- EXERCISE -
The required output is the lines below from the line containing "Soldotna Crop knitting kit – view 2" to the line containing "Большой член, Большие", inclusive, retyped exactly. No other lines belong in it.

- EXERCISE MATERIAL -
□ □ □ □
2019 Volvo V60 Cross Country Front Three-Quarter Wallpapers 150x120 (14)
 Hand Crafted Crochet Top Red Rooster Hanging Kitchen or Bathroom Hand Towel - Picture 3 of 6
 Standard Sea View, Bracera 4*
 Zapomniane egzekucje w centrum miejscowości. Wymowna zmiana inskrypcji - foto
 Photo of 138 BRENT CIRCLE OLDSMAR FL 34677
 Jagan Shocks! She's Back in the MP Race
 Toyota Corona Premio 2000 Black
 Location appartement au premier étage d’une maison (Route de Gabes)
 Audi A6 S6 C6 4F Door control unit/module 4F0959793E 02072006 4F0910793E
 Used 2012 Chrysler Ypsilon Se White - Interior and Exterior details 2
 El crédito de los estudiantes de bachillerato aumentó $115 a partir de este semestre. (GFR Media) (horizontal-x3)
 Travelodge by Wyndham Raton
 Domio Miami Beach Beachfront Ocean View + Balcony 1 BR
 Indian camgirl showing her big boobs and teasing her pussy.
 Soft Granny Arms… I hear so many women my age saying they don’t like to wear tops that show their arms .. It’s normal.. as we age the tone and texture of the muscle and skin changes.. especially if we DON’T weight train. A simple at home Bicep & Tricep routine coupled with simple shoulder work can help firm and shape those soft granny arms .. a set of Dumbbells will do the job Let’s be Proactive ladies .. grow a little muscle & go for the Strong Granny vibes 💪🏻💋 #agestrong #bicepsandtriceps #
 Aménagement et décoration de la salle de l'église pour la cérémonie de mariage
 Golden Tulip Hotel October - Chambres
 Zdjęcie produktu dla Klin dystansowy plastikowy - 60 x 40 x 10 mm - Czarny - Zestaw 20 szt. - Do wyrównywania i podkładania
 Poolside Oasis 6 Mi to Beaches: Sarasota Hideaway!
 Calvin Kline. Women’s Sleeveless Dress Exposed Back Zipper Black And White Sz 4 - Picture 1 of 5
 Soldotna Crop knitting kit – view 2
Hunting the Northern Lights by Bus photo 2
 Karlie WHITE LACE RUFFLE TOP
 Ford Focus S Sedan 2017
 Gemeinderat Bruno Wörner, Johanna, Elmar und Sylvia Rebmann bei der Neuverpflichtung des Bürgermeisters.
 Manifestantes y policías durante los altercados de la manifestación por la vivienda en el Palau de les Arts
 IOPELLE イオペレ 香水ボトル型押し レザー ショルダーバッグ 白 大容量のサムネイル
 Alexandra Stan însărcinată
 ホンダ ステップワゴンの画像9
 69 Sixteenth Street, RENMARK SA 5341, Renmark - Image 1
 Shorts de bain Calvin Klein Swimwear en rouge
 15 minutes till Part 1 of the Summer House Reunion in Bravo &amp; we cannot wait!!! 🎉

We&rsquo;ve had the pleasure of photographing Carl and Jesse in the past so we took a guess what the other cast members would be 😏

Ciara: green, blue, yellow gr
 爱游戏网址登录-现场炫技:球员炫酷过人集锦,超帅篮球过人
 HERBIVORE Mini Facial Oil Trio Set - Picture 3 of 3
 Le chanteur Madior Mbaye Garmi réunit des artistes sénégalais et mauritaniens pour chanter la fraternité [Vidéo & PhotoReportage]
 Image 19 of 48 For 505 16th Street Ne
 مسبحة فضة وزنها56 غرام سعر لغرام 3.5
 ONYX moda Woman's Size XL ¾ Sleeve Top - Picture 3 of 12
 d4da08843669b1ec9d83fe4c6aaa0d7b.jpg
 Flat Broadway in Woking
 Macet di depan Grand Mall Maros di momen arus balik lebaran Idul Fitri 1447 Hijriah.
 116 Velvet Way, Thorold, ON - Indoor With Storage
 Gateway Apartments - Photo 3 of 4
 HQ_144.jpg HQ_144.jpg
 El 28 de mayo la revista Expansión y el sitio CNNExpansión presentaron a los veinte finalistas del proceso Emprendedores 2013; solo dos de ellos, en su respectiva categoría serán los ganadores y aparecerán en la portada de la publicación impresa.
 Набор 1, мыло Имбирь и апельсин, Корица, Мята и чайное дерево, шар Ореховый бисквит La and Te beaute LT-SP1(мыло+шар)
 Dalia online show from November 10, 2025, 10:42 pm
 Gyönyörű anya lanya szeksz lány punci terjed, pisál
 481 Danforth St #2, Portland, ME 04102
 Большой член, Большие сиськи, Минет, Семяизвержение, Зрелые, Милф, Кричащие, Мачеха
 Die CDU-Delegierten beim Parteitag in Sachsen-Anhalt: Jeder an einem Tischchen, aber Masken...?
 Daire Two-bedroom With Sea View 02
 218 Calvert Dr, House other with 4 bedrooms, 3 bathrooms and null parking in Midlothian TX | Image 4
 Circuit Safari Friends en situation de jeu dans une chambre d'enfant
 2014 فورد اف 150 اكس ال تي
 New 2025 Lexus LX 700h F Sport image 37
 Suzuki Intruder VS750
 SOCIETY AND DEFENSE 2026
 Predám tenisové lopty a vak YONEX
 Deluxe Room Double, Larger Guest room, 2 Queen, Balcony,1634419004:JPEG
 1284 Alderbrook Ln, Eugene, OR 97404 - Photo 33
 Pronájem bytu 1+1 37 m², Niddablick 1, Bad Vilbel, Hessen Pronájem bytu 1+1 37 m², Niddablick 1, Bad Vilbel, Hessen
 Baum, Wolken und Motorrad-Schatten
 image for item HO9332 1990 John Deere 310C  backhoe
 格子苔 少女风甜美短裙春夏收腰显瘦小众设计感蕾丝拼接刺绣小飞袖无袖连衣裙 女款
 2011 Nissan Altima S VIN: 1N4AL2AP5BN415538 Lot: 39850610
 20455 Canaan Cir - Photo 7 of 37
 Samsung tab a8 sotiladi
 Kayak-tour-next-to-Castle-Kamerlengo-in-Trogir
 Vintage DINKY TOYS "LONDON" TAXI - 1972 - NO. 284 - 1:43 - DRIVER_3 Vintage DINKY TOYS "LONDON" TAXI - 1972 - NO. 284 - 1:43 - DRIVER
□ □ □ □
- RESPONSE AREA -
 Soldotna Crop knitting kit – view 2
Hunting the Northern Lights by Bus photo 2
 Karlie WHITE LACE RUFFLE TOP
 Ford Focus S Sedan 2017
 Gemeinderat Bruno Wörner, Johanna, Elmar und Sylvia Rebmann bei der Neuverpflichtung des Bürgermeisters.
 Manifestantes y policías durante los altercados de la manifestación por la vivienda en el Palau de les Arts
 IOPELLE イオペレ 香水ボトル型押し レザー ショルダーバッグ 白 大容量のサムネイル
 Alexandra Stan însărcinată
 ホンダ ステップワゴンの画像9
 69 Sixteenth Street, RENMARK SA 5341, Renmark - Image 1
 Shorts de bain Calvin Klein Swimwear en rouge
 15 minutes till Part 1 of the Summer House Reunion in Bravo &amp; we cannot wait!!! 🎉

We&rsquo;ve had the pleasure of photographing Carl and Jesse in the past so we took a guess what the other cast members would be 😏

Ciara: green, blue, yellow gr
 爱游戏网址登录-现场炫技:球员炫酷过人集锦,超帅篮球过人
 HERBIVORE Mini Facial Oil Trio Set - Picture 3 of 3
 Le chanteur Madior Mbaye Garmi réunit des artistes sénégalais et mauritaniens pour chanter la fraternité [Vidéo & PhotoReportage]
 Image 19 of 48 For 505 16th Street Ne
 مسبحة فضة وزنها56 غرام سعر لغرام 3.5
 ONYX moda Woman's Size XL ¾ Sleeve Top - Picture 3 of 12
 d4da08843669b1ec9d83fe4c6aaa0d7b.jpg
 Flat Broadway in Woking
 Macet di depan Grand Mall Maros di momen arus balik lebaran Idul Fitri 1447 Hijriah.
 116 Velvet Way, Thorold, ON - Indoor With Storage
 Gateway Apartments - Photo 3 of 4
 HQ_144.jpg HQ_144.jpg
 El 28 de mayo la revista Expansión y el sitio CNNExpansión presentaron a los veinte finalistas del proceso Emprendedores 2013; solo dos de ellos, en su respectiva categoría serán los ganadores y aparecerán en la portada de la publicación impresa.
 Набор 1, мыло Имбирь и апельсин, Корица, Мята и чайное дерево, шар Ореховый бисквит La and Te beaute LT-SP1(мыло+шар)
 Dalia online show from November 10, 2025, 10:42 pm
 Gyönyörű anya lanya szeksz lány punci terjed, pisál
 481 Danforth St #2, Portland, ME 04102
 Большой член, Большие сиськи, Минет, Семяизвержение, Зрелые, Милф, Кричащие, Мачеха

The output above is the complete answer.